**Data block**

· · · ·

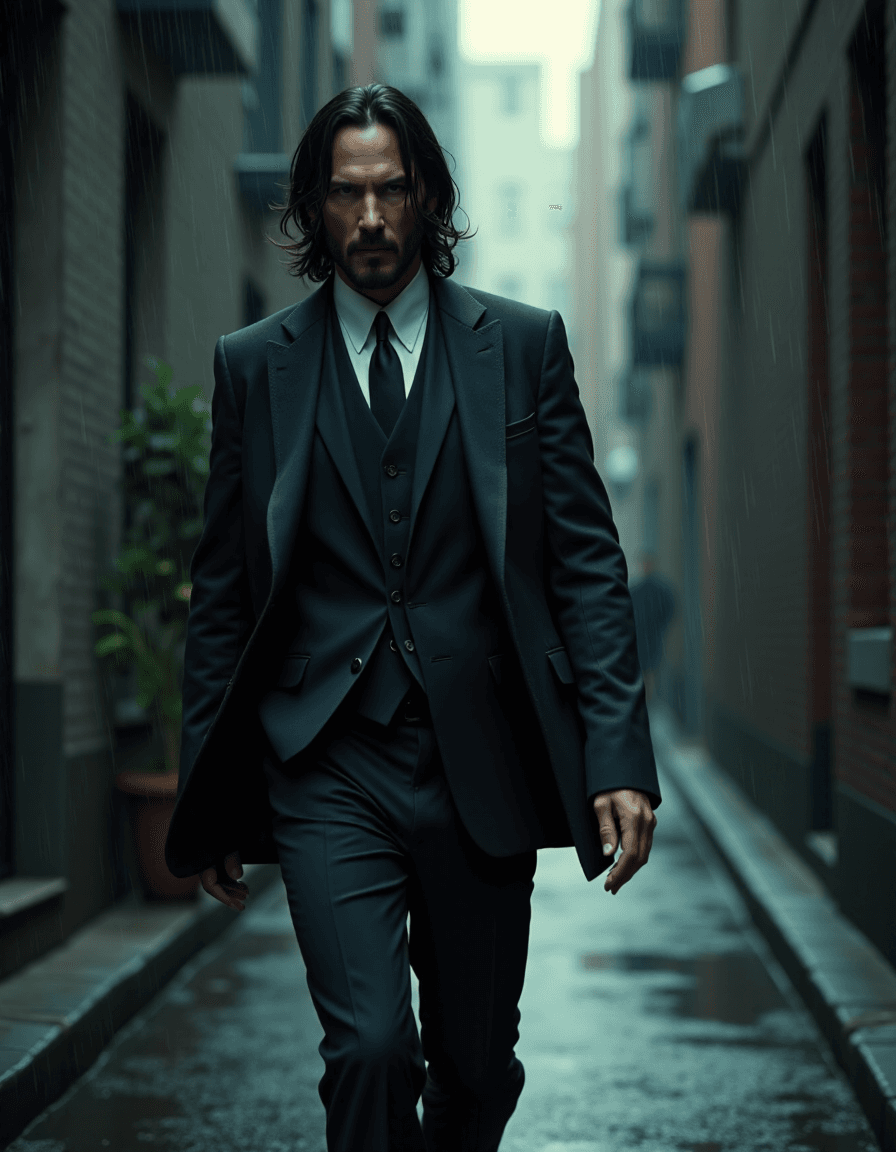 FLUX prompt: medium close-up still of young Keanu Reeves as Joh... - FLUX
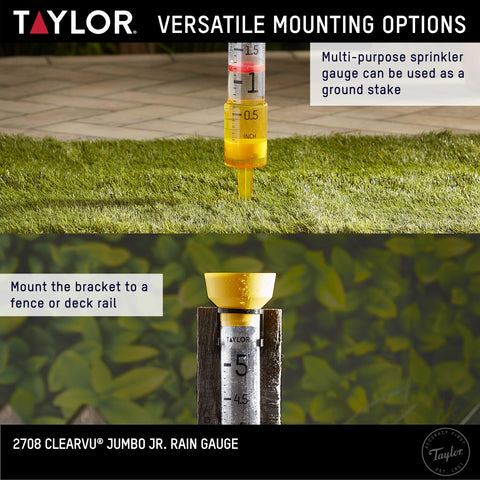 Taylor Jumbo JR ground stake doubles as sprinkler gauge for irrigation monitoring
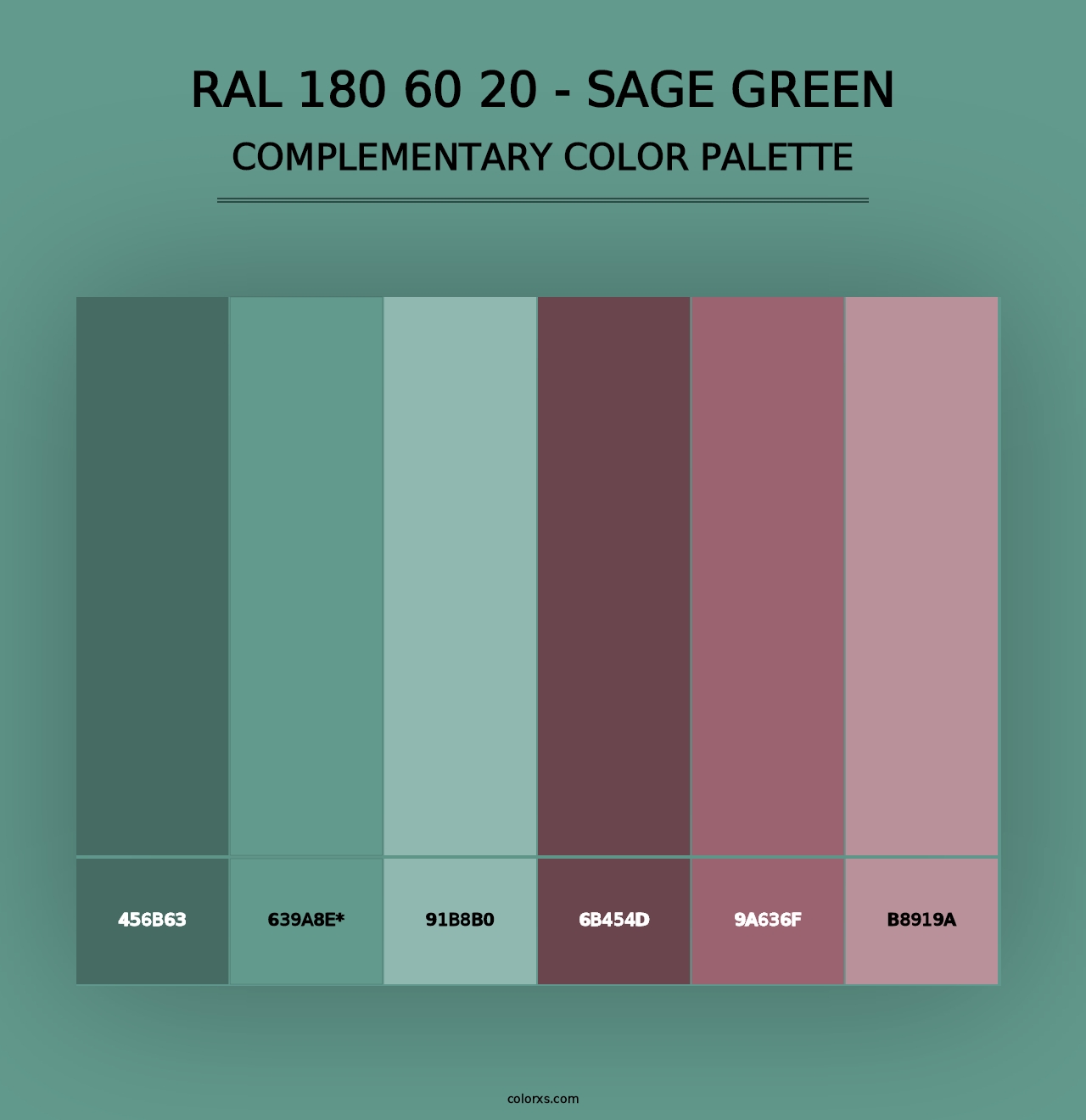 RAL 180 60 20 - Sage Green - Complementary Color Palette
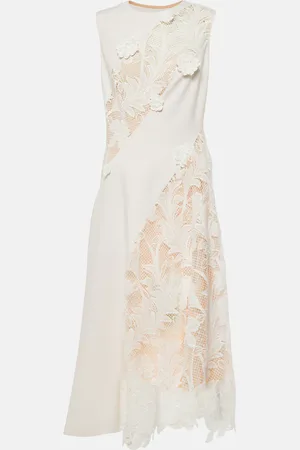 Oscar de la Renta Midikleid aus einem Wollgemisch mit Spitze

· · · ·

**What the task asks**
Output, exactly and without pictures, the span of lines that starts at the line containing "RAL 180 60 20" and ends at the last line above.

**The completed task**
 RAL 180 60 20 - Sage Green - Complementary Color Palette
 Oscar de la Renta Midikleid aus einem Wollgemisch mit Spitze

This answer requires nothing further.